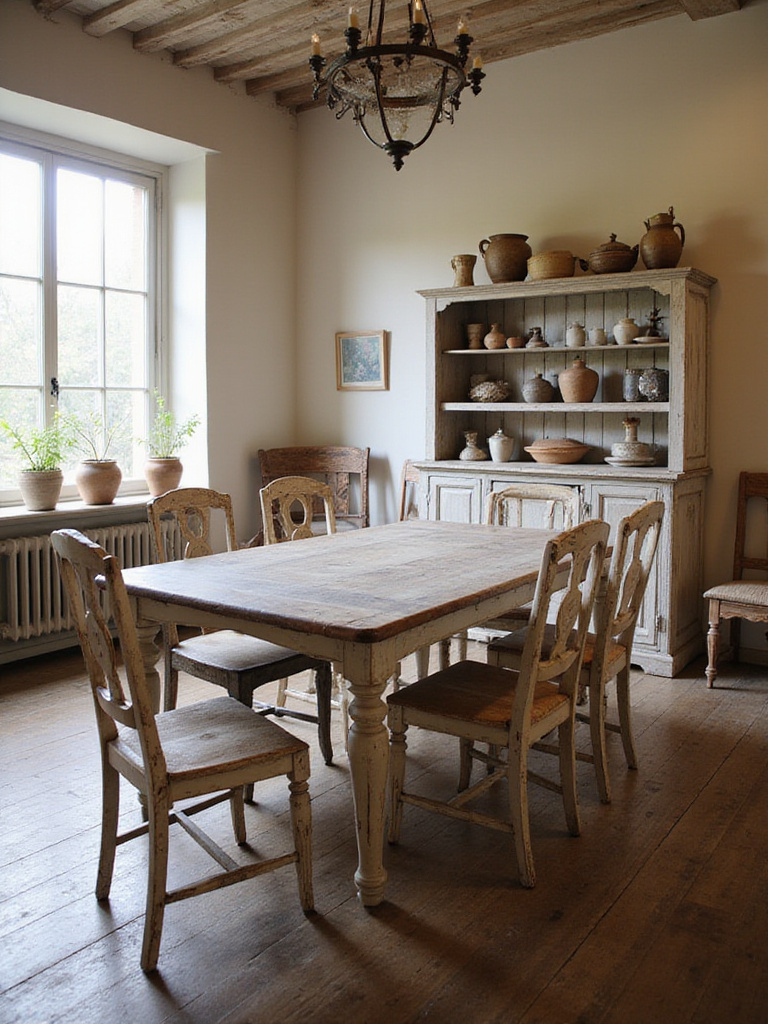 A warm farmhouse dining room featuring a large distressed wood dining table and chairs, with a distressed buffet in the background.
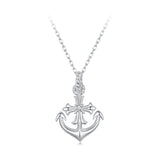 925 Sterling Silver Necklace with Pavé Set CZ and White Gold Plating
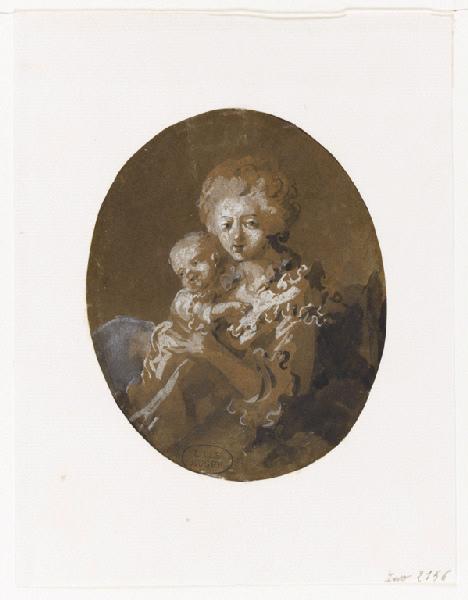 Femme assise tenant un enfant ; Jeune femme assise, en costume du XVIIIe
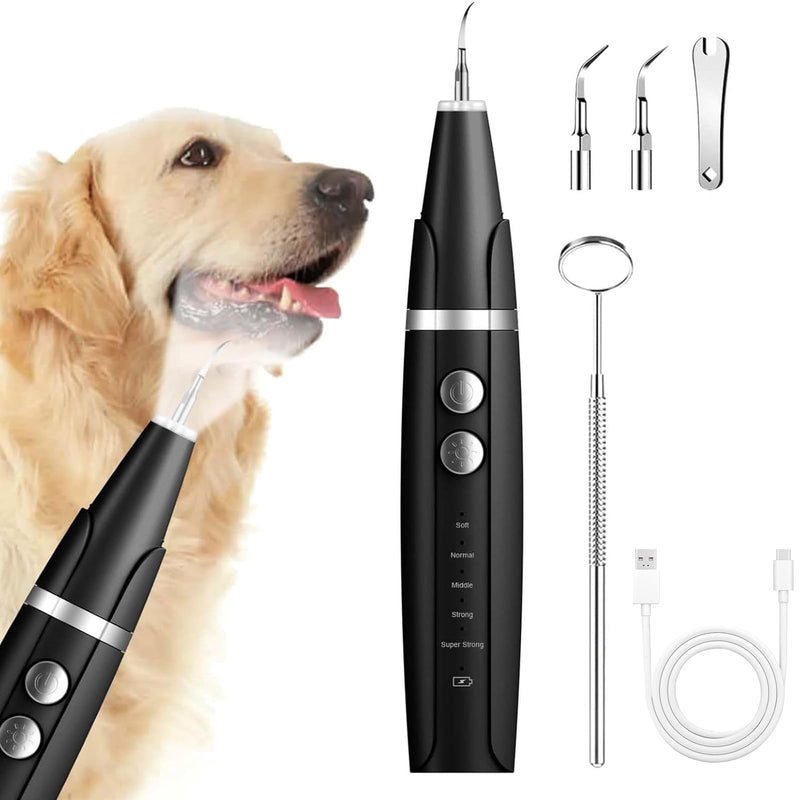 Dog Plaque Remover for Teeth, Pet Teeth Cleaning Products for Tartar & Plaque Off, with LED-Light, Dog Toothbrush for Dental Care, Black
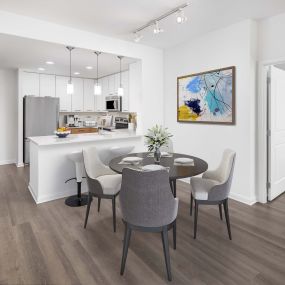 Comfortable Apartments with Kitchen Island Seating and Dining Space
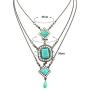 Yean Boho Turquoise Pendant Necklace Layered Choker Necklace Vintage Beach Jewelry for Women and Girls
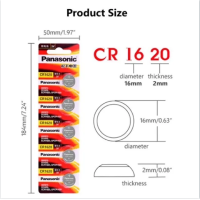 ราคา ของแท้ CR2032 ถ่านกระดุม Panasonic รุ่น CR2032 CR2025 CR2016 CR1632 CR1620 CR1616 CR1220 3V Lithium Battery พร้อมส่ง 1 Pack มี 5 pcs (21264467818)
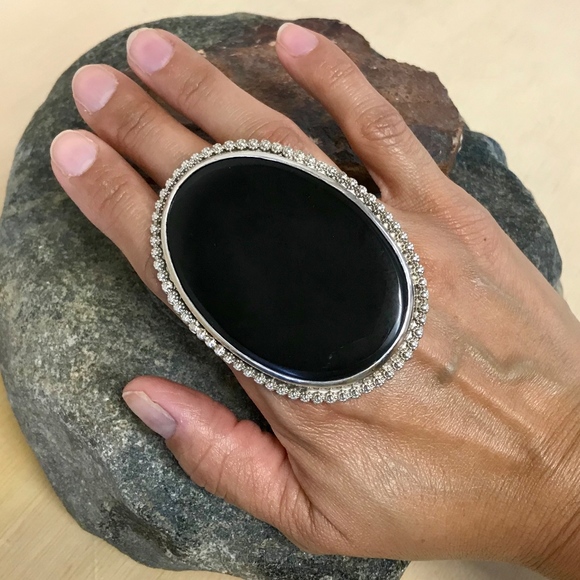 Zuni Jewelry - Oversized Signed Zuni Sterling Black Onyx Ring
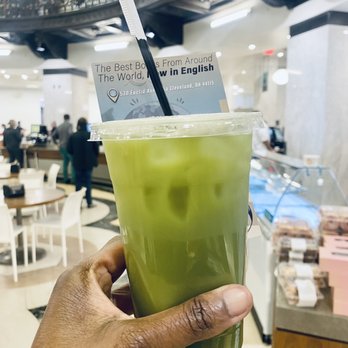 Lionheart Coffee - Mar. 2023 -- Matcha ($5.75 + $1 Oat Milk) from LionHeart Coffee shop on Euclid Ave. in downtown CLE (photo taken inside Heinens) - Coffee Roasteries Near Me - Cleveland, Ohio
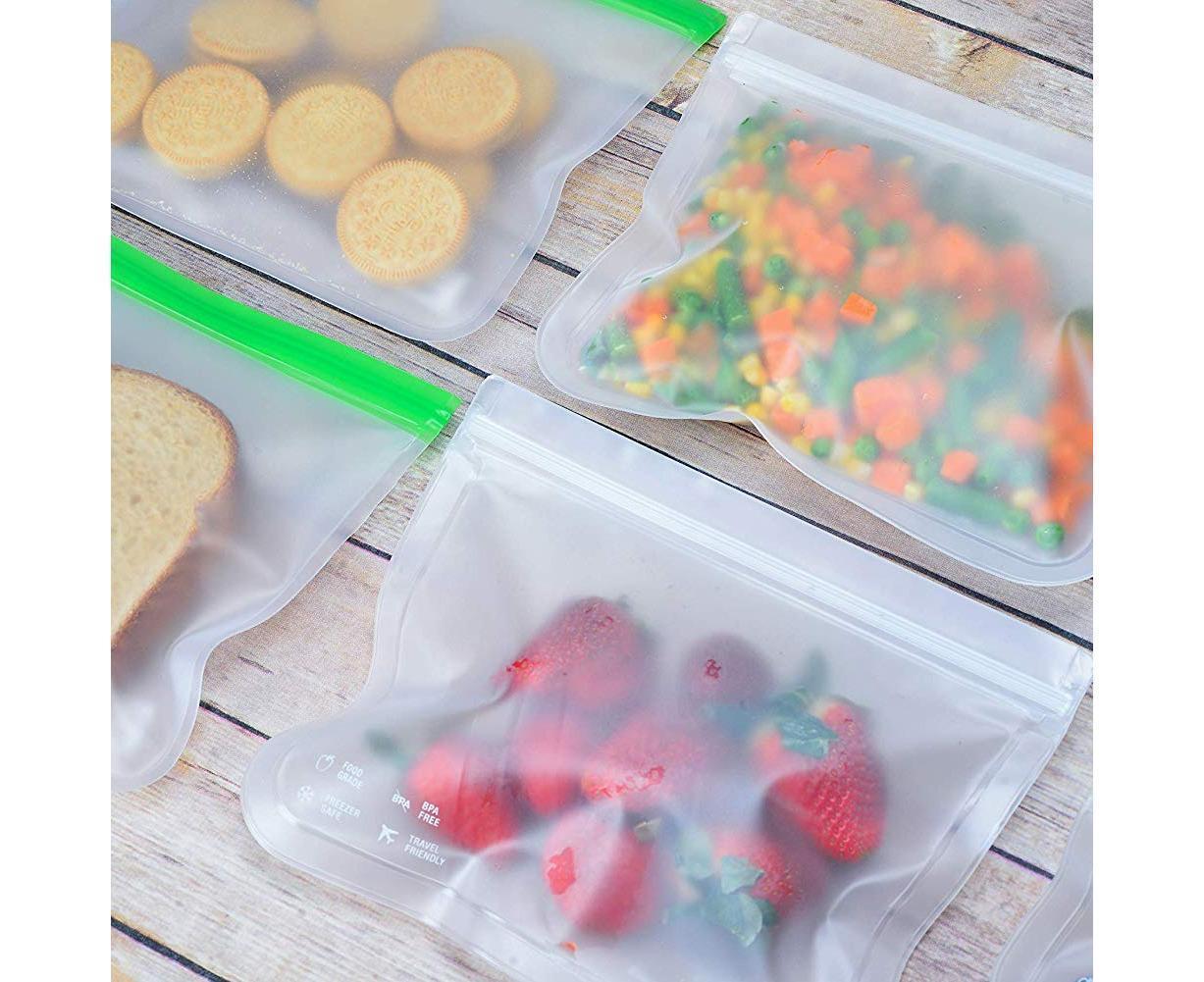 5Pcs Reusable Frosted Self Sealed Sandwiches Food Freezer Storage Bag Organizer - Image 6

====================

__Your task__
The line containing "ราคา ของแท้ CR2032" marks where the copy ends; print every line before it from the start of the records, and that line too, but no pictures.

__Worked solution__
 A warm farmhouse dining room featuring a large distressed wood dining table and chairs, with a distressed buffet in the background.
 925 Sterling Silver Necklace with Pavé Set CZ and White Gold Plating
 Femme assise tenant un enfant ; Jeune femme assise, en costume du XVIIIe
 Dog Plaque Remover for Teeth, Pet Teeth Cleaning Products for Tartar & Plaque Off, with LED-Light, Dog Toothbrush for Dental Care, Black
 Comfortable Apartments with Kitchen Island Seating and Dining Space
 Yean Boho Turquoise Pendant Necklace Layered Choker Necklace Vintage Beach Jewelry for Women and Girls
 ราคา ของแท้ CR2032 ถ่านกระดุม Panasonic รุ่น CR2032 CR2025 CR2016 CR1632 CR1620 CR1616 CR1220 3V Lithium Battery พร้อมส่ง 1 Pack มี 5 pcs (21264467818)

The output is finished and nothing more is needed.